*Source material*.
—————

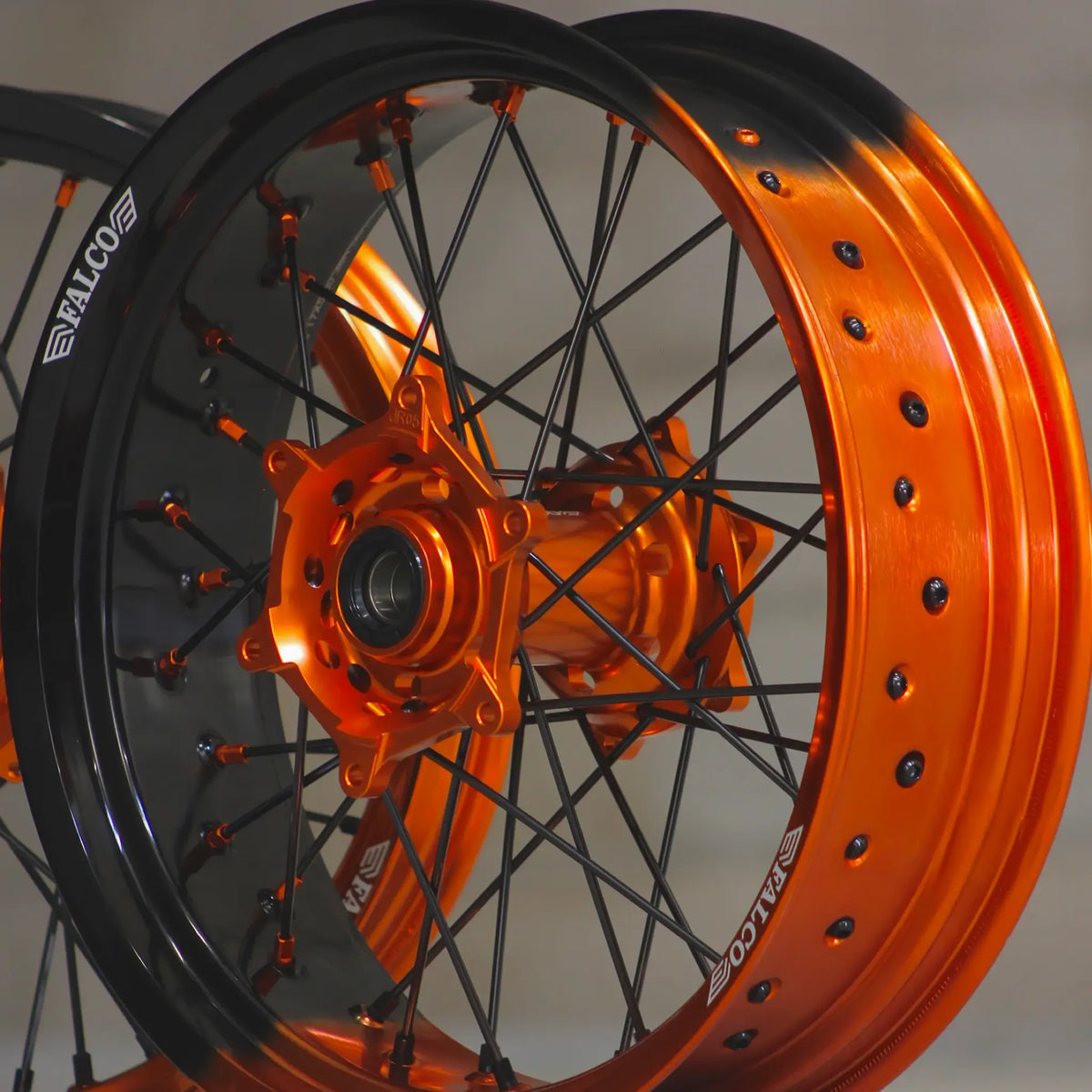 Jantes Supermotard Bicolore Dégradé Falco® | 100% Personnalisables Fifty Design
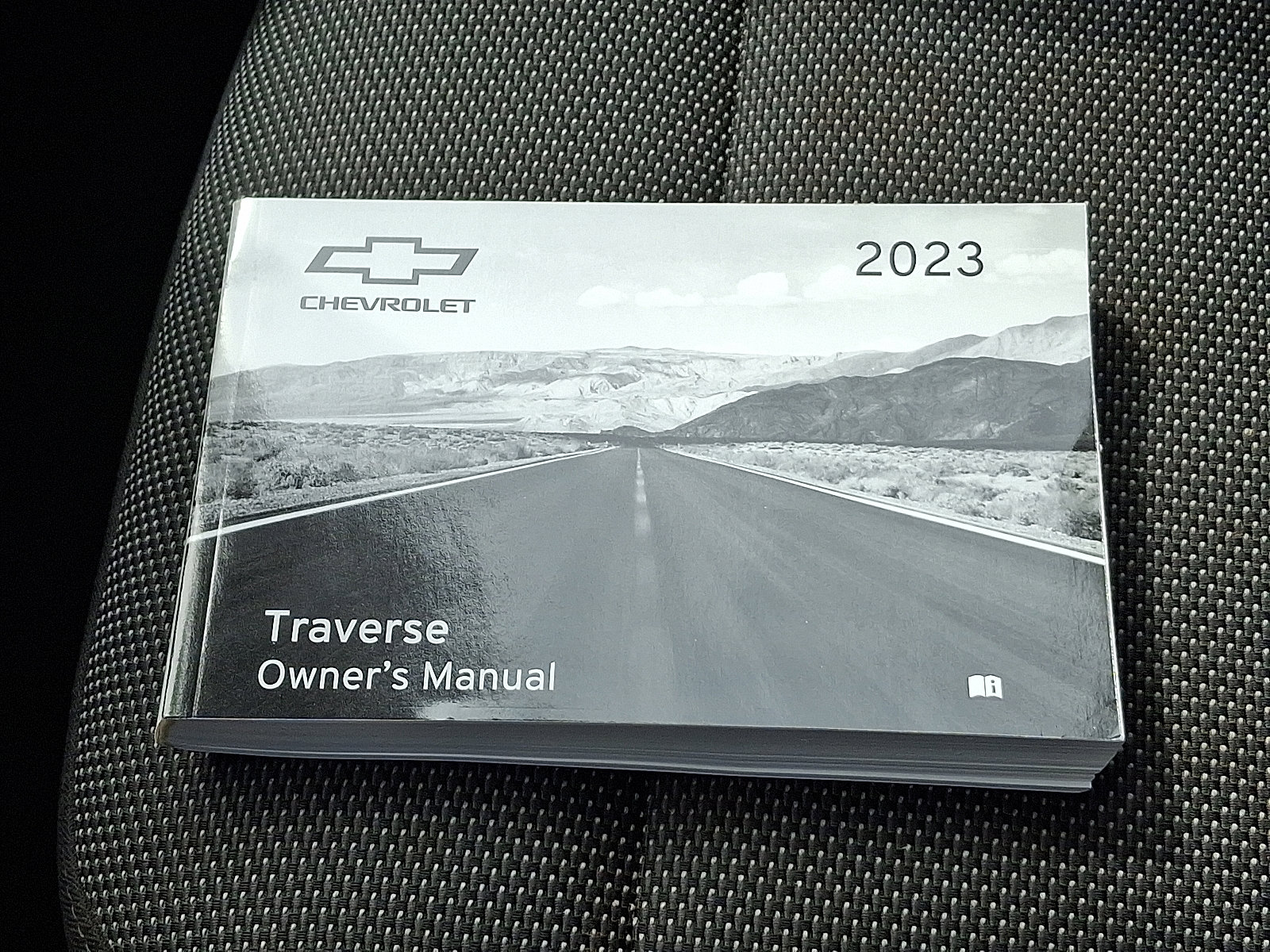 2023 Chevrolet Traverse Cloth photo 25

—————

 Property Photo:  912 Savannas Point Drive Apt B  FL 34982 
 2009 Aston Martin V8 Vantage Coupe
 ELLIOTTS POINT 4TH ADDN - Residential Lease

—————

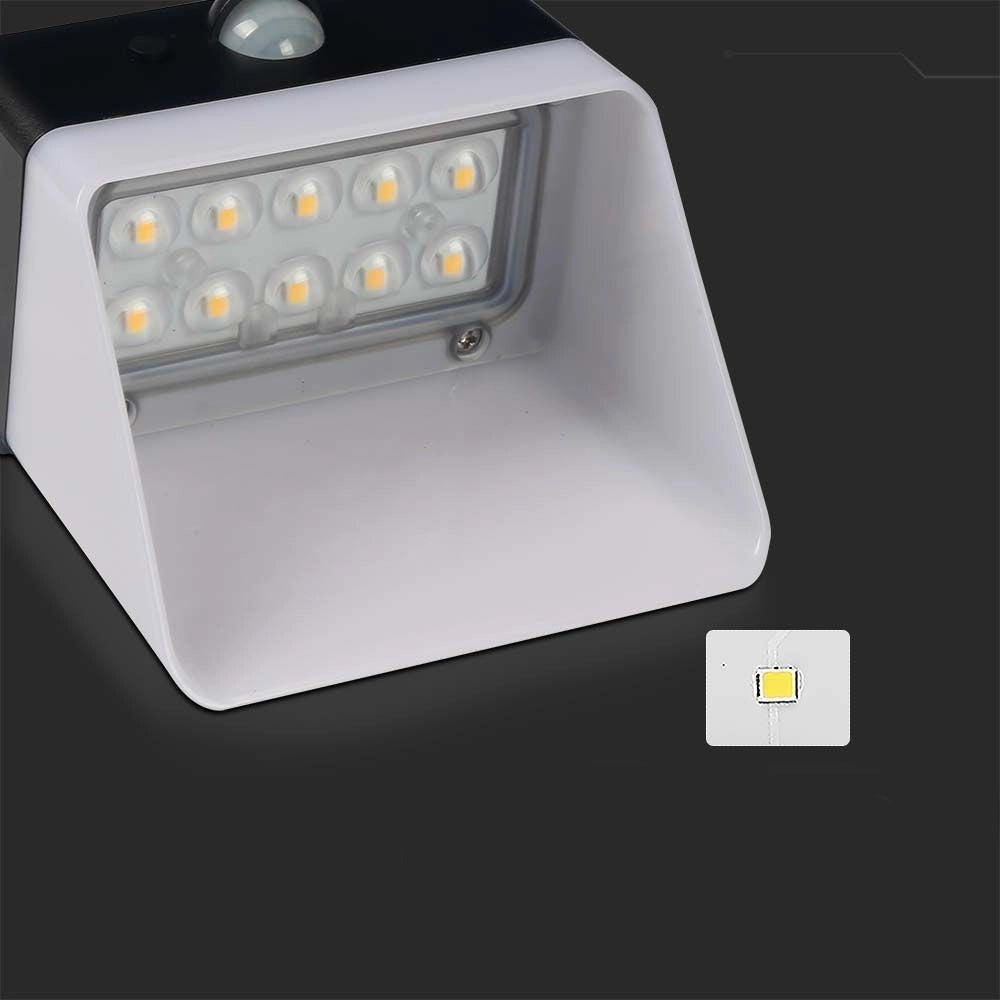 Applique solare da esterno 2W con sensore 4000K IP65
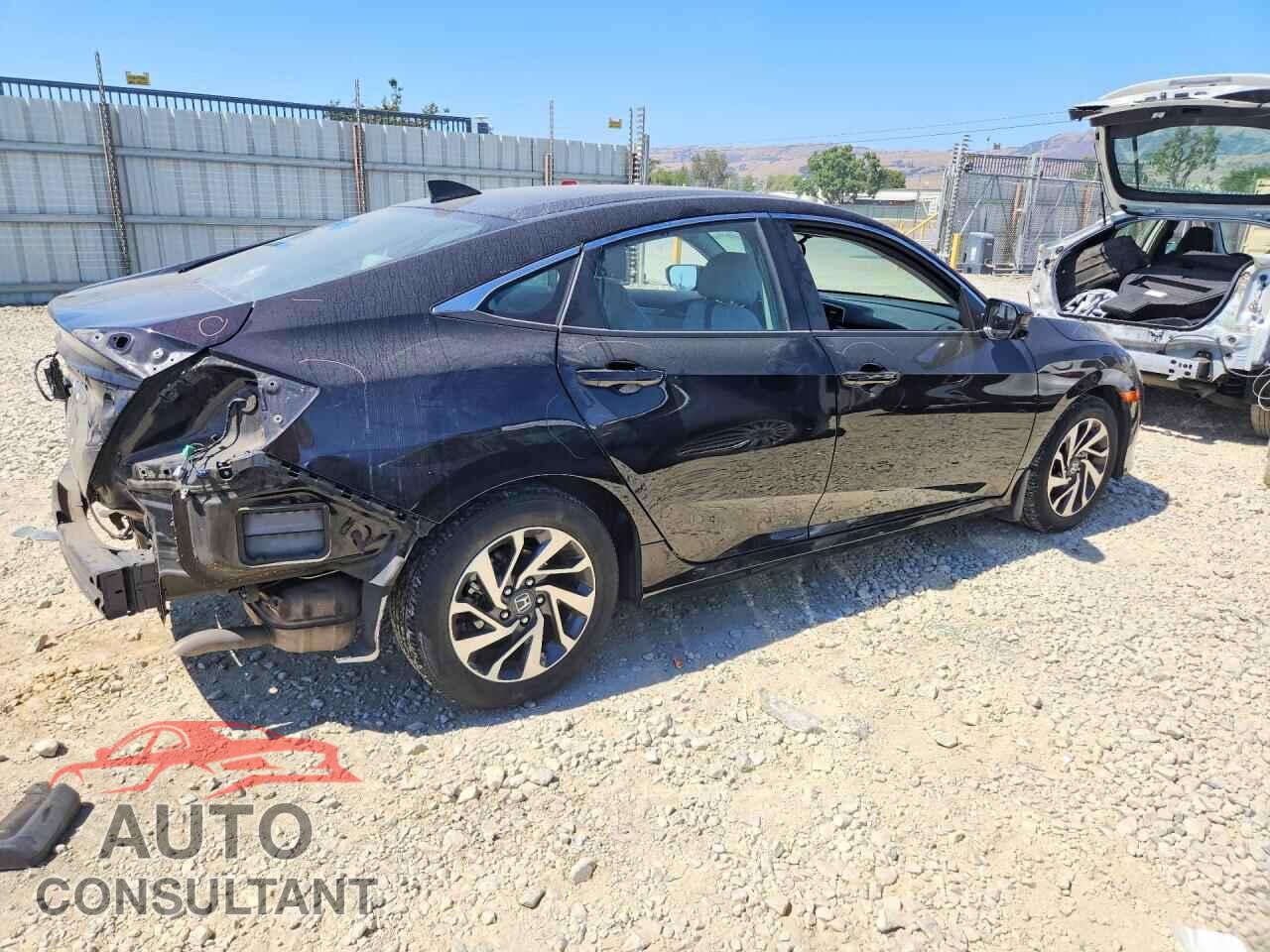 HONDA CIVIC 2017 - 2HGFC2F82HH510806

—————

*Task to complete*. Your copy should hold the lines from the one with "Jantes Supermotard Bicolore" up to and including the one with "2023 Chevrolet Traverse Cloth photo 25", exactly as in the data above, and no pictures.

*Answer box*.
 Jantes Supermotard Bicolore Dégradé Falco® | 100% Personnalisables Fifty Design
 2023 Chevrolet Traverse Cloth photo 25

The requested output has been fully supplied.